Supplied data:

++++++++

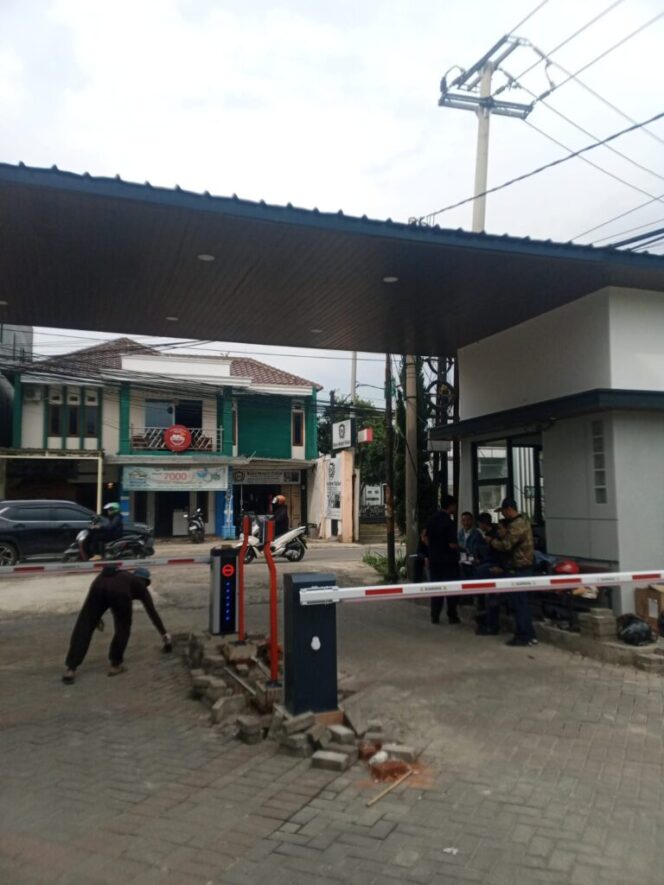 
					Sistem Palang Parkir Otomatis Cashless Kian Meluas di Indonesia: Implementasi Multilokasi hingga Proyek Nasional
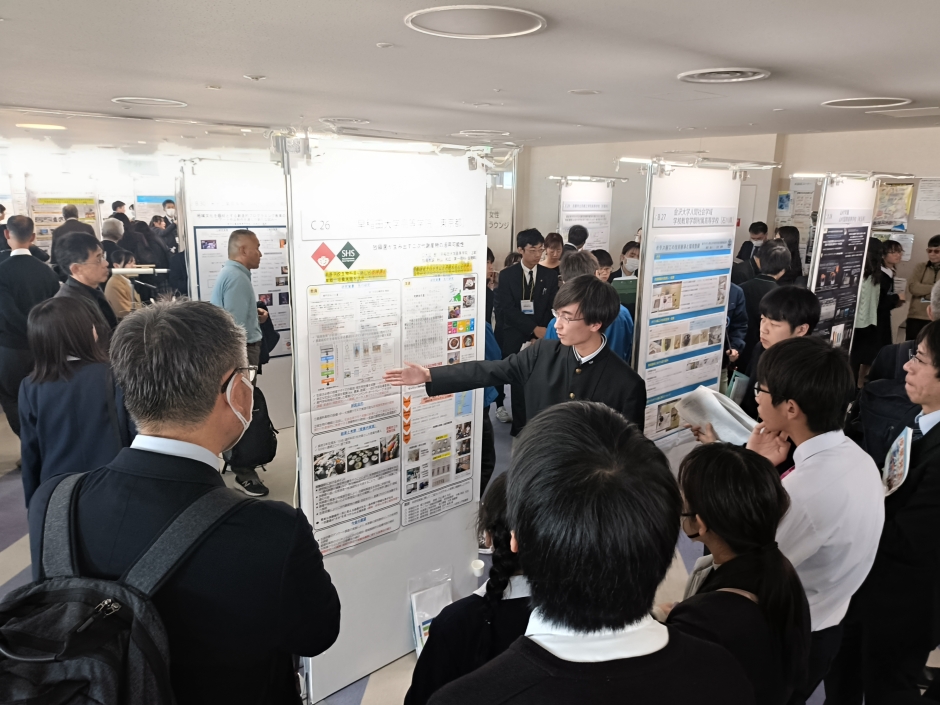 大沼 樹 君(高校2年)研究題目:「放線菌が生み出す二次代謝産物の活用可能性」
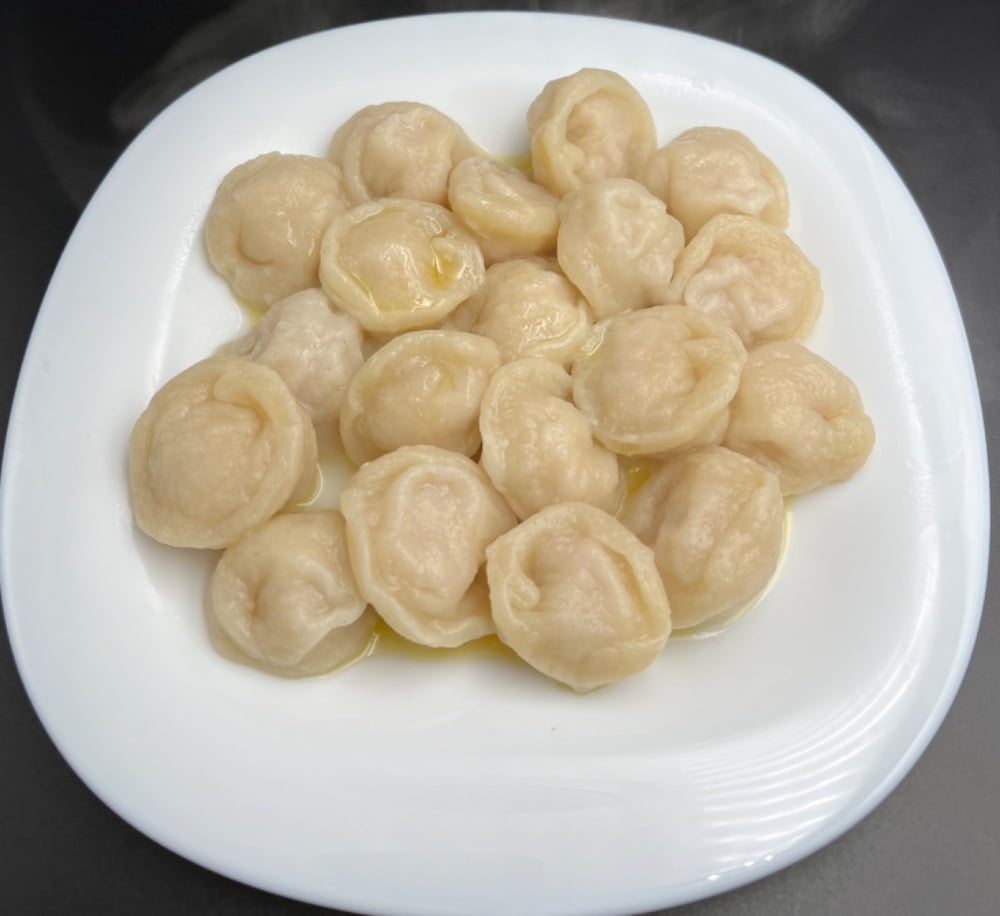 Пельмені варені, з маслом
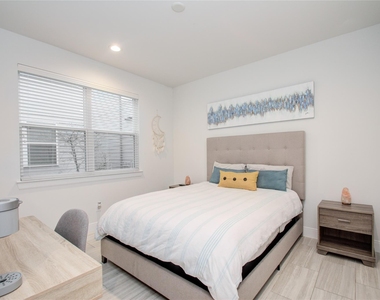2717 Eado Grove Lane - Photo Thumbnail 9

++++++++

Work request: Skip the pictures, then return the rest of the data exactly.

Answer section:
					Sistem Palang Parkir Otomatis Cashless Kian Meluas di Indonesia: Implementasi Multilokasi hingga Proyek Nasional
 大沼 樹 君(高校2年)研究題目:「放線菌が生み出す二次代謝産物の活用可能性」
 Пельмені варені, з маслом
2717 Eado Grove Lane - Photo Thumbnail 9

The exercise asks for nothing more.